Exercise brief -> Your answer must be the listing repeated word for word, without its pictures.

Data extract ->

• • • •

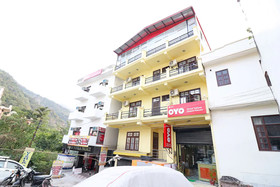 OYO 14185 Laxmi Yellow Guest House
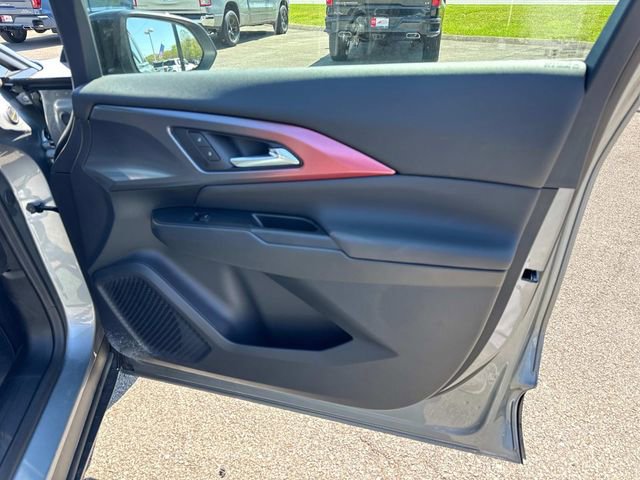 Used 2026 Chevrolet Equinox EV RS FWD image 23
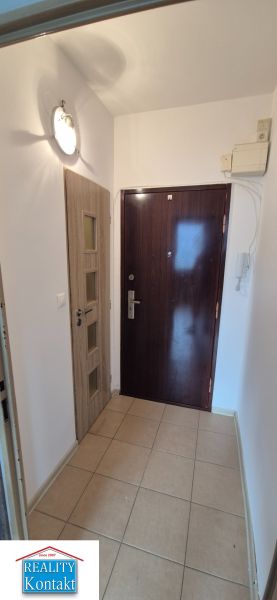 Kiadó 1 szobás lakás, 1 szobás lakás, Nové Zámky, Szlovákia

• • • •

Result for this task ->
 OYO 14185 Laxmi Yellow Guest House
 Used 2026 Chevrolet Equinox EV RS FWD image 23
 Kiadó 1 szobás lakás, 1 szobás lakás, Nové Zámky, Szlovákia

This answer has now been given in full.